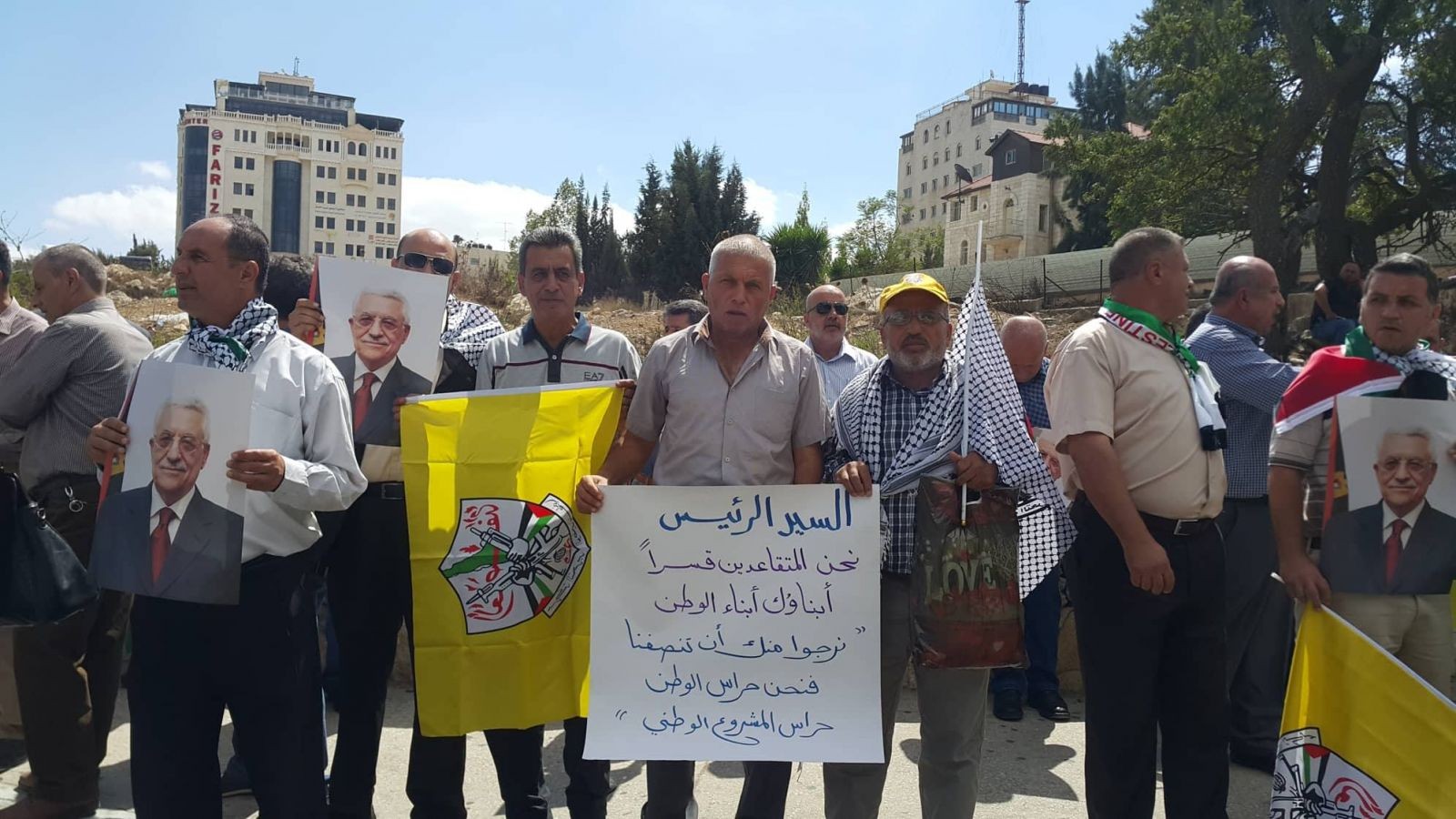 "العليا" برام الله تؤجل قضية الموظفين المحالين للتقاعد القسري المبكر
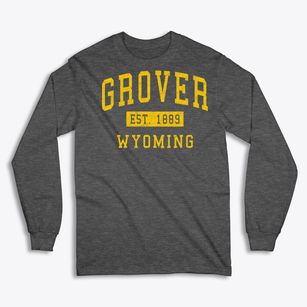 Grover Wyoming Classic Established Classic Long Sleeve T-Shirt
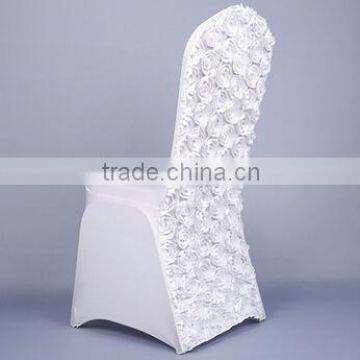 2016 Newest Design Spandex Chair Cover Wedding Used Rose Chair Covers photo-3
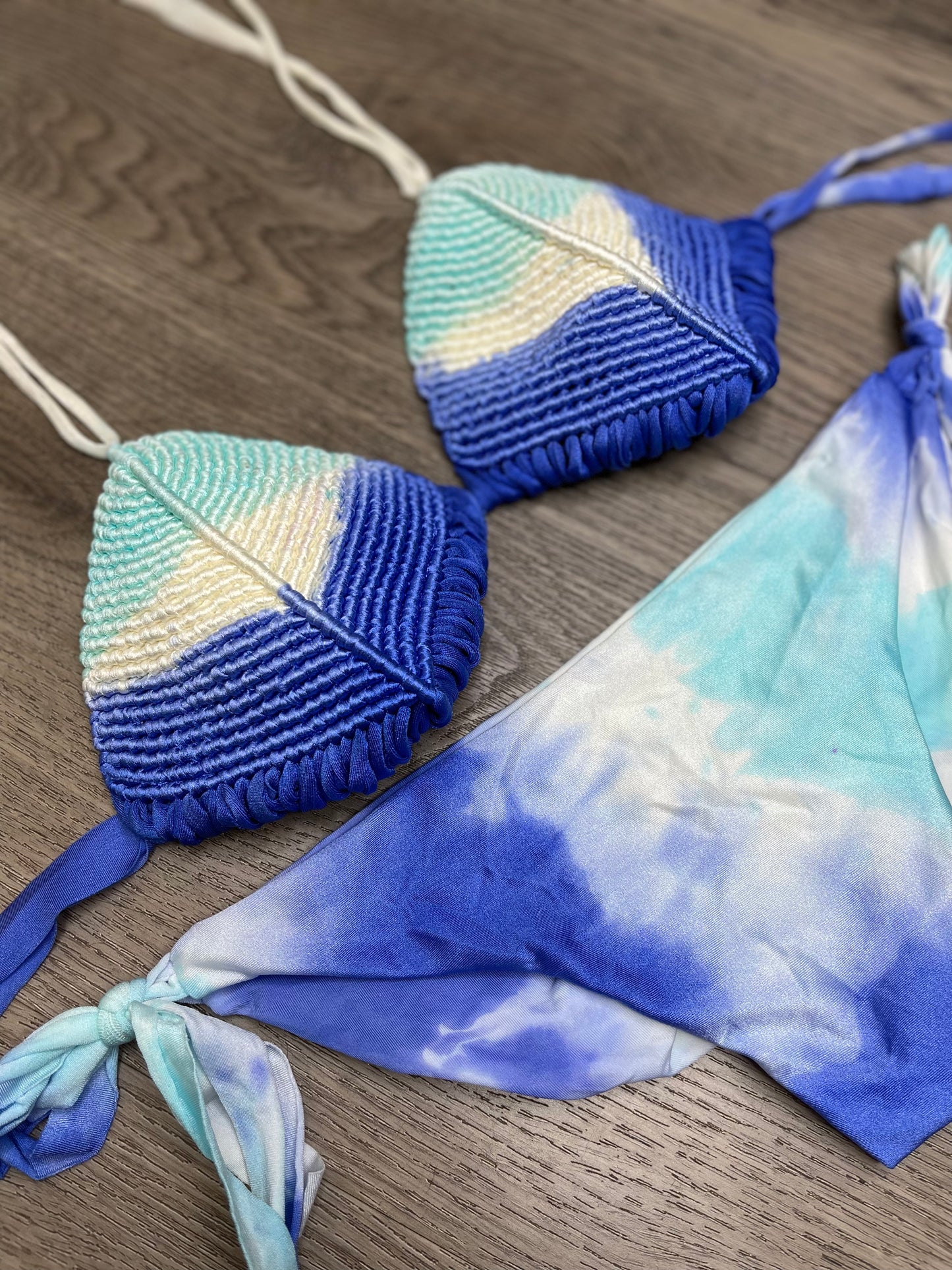 Leaves bikini set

WHAT TO DO:
Without including any pictures, copy every line above exactly.

EXERCISE OUTPUT:
 "العليا" برام الله تؤجل قضية الموظفين المحالين للتقاعد القسري المبكر
 Grover Wyoming Classic Established Classic Long Sleeve T-Shirt
 2016 Newest Design Spandex Chair Cover Wedding Used Rose Chair Covers photo-3
 Leaves bikini set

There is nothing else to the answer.